This Lemon Coconut Yogurt Bread is an easy quick bread recipe filled with tropical, citrusy flavors! An easy lemony glaze and a sprinkling of toasted coconut and fresh lemon zest finish off this simple yogurt bread!
It was a “clean the cupboards out” baking day the other day. Do you have those kinds of days? I try to do this on a semi-regular basis, so I don’t have ingredients go to waste.
Among the recipes that helped use up those random bags of flour, coconut, baking chips, and sad looking fruits was this super easy lemon coconut yogurt bread.
I took the half-full bag of coconut, almost empty bags of flour, and a couple of lemons and put them to good use!
I love making quick breads. Because, well, they’re quick. And easy.

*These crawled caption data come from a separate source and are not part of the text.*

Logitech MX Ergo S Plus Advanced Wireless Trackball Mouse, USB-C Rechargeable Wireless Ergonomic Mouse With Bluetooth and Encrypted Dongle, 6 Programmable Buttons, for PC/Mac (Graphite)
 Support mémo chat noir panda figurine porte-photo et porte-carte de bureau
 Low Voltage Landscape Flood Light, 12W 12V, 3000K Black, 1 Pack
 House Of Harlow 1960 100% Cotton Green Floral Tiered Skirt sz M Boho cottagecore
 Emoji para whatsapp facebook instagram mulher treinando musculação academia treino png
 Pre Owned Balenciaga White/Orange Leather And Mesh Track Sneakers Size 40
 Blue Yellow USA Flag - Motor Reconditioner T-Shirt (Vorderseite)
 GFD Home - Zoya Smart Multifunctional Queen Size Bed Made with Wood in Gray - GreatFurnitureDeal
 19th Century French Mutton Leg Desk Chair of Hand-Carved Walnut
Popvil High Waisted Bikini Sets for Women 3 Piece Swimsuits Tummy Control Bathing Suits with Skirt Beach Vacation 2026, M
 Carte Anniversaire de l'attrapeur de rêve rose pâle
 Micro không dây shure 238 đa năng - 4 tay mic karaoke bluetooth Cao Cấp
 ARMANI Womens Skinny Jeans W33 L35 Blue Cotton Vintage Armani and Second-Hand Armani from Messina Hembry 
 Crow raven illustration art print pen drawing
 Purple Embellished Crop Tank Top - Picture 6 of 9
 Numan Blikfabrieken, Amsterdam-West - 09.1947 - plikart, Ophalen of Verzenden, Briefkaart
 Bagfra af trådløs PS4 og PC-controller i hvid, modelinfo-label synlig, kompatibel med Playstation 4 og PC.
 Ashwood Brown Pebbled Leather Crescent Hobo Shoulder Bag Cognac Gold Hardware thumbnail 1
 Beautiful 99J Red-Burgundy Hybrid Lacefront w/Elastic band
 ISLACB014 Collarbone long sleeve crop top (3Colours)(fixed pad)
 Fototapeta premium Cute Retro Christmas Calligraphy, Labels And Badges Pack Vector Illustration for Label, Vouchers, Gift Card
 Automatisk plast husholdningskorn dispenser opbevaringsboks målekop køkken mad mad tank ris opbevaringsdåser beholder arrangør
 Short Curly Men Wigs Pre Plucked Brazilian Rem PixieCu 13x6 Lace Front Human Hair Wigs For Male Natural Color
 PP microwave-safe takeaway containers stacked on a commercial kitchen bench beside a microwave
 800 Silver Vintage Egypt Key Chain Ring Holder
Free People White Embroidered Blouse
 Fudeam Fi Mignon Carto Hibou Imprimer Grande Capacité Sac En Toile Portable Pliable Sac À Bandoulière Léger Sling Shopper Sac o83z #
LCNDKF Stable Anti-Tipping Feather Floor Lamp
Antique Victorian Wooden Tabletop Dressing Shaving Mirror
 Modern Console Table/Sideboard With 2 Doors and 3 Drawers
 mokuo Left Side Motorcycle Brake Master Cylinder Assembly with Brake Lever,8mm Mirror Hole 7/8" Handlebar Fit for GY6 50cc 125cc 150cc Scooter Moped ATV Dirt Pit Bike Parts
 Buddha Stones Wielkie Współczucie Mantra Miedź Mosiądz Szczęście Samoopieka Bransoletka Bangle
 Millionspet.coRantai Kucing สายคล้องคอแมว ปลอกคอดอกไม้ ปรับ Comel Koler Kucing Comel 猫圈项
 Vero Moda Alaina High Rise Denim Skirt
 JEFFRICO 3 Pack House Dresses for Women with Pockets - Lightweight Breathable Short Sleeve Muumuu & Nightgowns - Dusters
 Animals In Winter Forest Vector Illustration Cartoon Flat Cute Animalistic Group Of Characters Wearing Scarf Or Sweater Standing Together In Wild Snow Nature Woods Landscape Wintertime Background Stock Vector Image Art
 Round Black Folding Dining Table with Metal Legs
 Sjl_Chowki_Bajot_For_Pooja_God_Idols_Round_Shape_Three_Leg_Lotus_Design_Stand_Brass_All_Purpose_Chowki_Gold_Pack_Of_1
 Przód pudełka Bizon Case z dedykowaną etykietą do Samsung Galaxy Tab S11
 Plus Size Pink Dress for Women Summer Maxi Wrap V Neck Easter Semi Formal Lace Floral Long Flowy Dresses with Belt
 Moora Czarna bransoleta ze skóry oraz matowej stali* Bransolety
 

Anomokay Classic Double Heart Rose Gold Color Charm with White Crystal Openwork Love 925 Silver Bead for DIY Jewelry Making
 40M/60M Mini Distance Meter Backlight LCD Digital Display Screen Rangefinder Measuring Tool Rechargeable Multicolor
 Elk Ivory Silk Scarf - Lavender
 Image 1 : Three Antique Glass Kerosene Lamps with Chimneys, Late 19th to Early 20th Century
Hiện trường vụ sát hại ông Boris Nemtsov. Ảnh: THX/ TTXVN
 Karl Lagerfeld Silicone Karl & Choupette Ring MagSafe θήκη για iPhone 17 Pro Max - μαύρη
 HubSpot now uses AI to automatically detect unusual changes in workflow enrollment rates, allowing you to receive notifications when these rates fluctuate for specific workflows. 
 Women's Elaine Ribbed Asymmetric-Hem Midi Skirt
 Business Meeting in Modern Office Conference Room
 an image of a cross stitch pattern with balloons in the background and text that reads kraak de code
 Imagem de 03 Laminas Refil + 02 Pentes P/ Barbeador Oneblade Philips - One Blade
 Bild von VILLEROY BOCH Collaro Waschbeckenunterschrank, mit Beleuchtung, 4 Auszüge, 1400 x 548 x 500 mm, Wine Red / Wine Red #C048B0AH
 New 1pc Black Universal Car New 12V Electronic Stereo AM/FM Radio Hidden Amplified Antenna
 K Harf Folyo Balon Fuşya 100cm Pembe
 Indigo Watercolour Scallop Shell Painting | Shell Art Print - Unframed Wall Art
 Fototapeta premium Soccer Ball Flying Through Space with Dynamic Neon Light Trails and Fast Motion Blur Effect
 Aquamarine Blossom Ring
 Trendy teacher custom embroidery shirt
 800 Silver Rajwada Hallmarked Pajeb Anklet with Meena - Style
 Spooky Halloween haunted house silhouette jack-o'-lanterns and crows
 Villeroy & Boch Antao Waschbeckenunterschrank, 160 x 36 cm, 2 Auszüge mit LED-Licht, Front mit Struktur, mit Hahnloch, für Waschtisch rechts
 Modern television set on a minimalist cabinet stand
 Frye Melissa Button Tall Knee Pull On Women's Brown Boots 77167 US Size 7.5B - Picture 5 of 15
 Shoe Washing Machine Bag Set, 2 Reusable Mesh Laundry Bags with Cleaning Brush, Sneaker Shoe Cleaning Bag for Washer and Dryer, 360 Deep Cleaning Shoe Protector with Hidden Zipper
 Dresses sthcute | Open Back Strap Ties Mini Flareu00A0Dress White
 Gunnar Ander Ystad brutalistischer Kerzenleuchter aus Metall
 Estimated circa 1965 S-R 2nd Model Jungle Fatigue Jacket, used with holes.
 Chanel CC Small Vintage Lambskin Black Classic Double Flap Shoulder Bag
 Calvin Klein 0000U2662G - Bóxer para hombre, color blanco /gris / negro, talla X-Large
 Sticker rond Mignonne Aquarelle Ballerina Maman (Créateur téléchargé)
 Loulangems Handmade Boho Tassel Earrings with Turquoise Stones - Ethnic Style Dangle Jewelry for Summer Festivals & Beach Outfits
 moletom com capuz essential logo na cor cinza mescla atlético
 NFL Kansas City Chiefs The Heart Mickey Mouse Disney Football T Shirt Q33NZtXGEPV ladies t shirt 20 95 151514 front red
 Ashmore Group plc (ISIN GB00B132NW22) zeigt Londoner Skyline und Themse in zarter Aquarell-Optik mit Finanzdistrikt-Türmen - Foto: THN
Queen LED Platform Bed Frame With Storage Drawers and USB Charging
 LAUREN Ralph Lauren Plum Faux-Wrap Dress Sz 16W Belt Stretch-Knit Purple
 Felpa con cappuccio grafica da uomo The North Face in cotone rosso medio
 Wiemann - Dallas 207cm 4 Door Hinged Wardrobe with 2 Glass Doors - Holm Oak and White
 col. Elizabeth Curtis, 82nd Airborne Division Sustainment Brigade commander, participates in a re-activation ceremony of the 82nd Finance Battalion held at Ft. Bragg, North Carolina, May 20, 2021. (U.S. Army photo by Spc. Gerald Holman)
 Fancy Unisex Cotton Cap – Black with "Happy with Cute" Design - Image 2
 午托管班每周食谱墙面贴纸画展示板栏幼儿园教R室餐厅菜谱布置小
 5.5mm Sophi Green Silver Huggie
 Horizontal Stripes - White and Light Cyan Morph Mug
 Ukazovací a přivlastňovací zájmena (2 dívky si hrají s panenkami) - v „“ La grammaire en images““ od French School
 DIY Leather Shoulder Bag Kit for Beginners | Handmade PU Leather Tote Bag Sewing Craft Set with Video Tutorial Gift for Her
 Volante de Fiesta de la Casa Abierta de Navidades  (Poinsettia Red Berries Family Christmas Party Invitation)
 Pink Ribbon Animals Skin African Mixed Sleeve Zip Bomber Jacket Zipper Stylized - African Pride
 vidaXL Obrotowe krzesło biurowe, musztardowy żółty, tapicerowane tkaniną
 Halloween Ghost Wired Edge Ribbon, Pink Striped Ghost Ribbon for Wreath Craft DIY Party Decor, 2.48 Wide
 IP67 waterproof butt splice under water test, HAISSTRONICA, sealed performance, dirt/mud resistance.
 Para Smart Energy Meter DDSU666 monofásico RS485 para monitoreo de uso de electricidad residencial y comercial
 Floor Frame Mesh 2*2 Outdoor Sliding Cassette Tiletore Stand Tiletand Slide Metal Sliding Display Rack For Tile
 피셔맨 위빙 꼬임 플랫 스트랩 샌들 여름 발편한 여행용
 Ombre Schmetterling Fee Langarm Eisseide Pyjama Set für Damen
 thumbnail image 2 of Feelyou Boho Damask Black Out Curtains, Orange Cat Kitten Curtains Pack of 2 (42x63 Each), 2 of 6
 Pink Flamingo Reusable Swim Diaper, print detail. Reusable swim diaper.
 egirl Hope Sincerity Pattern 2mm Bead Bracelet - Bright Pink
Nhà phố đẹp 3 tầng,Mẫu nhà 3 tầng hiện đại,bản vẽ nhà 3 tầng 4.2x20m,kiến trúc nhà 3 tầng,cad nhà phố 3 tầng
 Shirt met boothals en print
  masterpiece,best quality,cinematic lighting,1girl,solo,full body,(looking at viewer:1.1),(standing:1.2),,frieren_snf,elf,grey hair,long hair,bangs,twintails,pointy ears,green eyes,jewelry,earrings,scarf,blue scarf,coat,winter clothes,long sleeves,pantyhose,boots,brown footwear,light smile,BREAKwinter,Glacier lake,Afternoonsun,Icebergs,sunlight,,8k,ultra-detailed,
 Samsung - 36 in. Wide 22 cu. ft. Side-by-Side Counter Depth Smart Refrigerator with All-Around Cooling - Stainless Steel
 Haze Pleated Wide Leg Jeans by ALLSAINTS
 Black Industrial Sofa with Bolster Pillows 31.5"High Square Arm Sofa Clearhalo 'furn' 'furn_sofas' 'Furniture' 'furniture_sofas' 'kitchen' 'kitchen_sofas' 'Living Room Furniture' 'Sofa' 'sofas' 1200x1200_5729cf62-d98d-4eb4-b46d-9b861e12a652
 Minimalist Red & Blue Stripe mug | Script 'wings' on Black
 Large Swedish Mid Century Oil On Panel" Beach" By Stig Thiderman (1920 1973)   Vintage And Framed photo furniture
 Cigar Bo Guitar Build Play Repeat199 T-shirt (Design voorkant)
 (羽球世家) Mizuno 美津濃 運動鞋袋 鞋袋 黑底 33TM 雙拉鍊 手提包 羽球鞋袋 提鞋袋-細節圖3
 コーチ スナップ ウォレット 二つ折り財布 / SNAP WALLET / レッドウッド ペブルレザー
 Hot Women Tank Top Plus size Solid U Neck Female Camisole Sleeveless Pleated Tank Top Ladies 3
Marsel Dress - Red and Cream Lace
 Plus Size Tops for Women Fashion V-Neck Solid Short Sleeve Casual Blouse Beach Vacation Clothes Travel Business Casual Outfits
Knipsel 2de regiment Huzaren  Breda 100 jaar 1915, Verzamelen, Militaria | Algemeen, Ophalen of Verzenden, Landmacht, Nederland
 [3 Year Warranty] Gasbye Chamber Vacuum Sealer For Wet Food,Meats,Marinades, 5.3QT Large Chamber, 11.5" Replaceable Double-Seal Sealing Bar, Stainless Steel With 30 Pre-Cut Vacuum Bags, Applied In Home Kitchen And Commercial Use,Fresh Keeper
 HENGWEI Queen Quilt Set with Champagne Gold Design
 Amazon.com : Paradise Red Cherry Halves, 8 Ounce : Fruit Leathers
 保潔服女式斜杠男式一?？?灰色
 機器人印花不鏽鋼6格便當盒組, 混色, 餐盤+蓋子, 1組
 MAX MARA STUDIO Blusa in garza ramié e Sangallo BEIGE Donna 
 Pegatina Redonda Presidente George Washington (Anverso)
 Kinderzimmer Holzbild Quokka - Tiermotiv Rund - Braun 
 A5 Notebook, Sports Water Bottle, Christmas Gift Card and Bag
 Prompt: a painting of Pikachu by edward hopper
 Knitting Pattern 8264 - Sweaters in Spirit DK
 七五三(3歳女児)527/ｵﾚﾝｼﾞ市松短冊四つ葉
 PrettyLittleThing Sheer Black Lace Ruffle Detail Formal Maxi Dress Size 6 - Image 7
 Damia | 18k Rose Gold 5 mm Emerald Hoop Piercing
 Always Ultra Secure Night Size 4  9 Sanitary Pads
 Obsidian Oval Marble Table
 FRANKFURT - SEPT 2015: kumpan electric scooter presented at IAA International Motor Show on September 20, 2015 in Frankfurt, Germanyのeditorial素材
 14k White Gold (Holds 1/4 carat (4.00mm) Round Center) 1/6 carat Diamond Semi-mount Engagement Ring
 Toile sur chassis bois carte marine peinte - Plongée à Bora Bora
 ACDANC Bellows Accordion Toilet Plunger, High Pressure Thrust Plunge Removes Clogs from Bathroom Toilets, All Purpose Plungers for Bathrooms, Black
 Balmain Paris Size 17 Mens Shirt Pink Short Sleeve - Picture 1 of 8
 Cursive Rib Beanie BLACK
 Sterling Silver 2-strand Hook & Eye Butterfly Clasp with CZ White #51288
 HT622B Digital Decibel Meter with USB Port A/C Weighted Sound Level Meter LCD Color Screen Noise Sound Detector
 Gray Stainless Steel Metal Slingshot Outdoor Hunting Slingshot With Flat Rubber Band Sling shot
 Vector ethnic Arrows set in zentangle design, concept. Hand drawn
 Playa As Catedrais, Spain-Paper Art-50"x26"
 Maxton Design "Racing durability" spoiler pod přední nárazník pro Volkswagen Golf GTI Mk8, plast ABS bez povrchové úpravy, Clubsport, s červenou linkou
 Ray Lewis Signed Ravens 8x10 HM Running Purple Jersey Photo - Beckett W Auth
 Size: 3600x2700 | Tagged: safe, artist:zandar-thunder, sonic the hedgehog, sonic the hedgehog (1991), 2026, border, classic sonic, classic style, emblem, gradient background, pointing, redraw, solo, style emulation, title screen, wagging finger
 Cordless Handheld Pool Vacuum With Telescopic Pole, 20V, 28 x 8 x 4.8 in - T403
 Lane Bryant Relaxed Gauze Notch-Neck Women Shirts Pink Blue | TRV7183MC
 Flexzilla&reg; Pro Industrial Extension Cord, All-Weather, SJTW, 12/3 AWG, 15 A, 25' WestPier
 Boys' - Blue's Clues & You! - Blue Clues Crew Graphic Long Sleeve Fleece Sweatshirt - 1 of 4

And you can make them in all kinds of flavor combinations! Which is good when you frequently have a bunch of random ingredients that need to be used up!
Toasted coconut combined with fresh lemon juice and fresh lemon zest give this bread it’s tropical, citrusy flavor. You don’t have to use toasted coconut, but I’ve found that I don’t like the slight chew that regular coconut gives the bread. Plus, I like the hint of nuttiness that toasting the coconut adds!
This versatile bread is made with honey, yogurt, white whole wheat flour, and coconut oil. You can leave off the glaze, if you want to make it even healthier.
Though I have to admit, I really like the lemony glaze and additional toasted coconut that finishes off this bread!
Grab a slice for breakfast, munch on a piece for an afternoon snack, or enjoy a slice for dessert!
Lemon Coconut Yogurt Bread
Ingredients
For the Bread
- 2 C white whole wheat flour**
- 1/2 C all-purpose flour
- 2 tsp baking powder
- 1/2 tsp baking soda
- 1/2 tsp salt
- 1 C plain yogurt
- 1/2 C honey
- 1/4 C milk of your choice
- 1/4 C melted coconut oil (make sure to measure the coconut oil in the melted state)/olive oil/canola oil
- 3 tbsp fresh lemon juice
- 2 eggs
- 2 tsp fresh lemon zest
- 1 tsp vanilla extract
- 1 C shredded coconut, toasted (sweetened or unsweetened)
For the Glaze
- 1 C confectioner's sugar
- 1 tbsp milk
- 1 tsp fresh lemon juice
- 2 tbsp shredded coconut, toasted
- additional lemon zest, optional
Instructions
- Preheat oven to 350 degrees F. Spray a 9x5 inch loaf pan with non-stick cooking spray.
- In a large bowl, whisk together flours, baking powder, baking soda, and salt.
- In a medium bowl, whisk together yogurt, honey, milk, oil, lemon juice, eggs, lemon zest and vanilla extract. Add wet ingredients to dry ingredients and stir until just combined.
- Gently fold in shredded coconut.
- Spread batter into prepared loaf pan. Bake for 50-55 minutes, or until toothpick inserted in the center comes out mostly clean.
- Remove to a wire rack to cool. Stir together confectioner's sugar, milk, and lemon juice until smooth. Spread glaze over the top of cooled bread. Sprinkle with additional toasted coconut and lemon zest.
- Allow glaze to harden and serve.
Notes
**To give the bread a finer texture, use 1 1/2 cups white whole wheat flour and 1 cup all-purpose flour.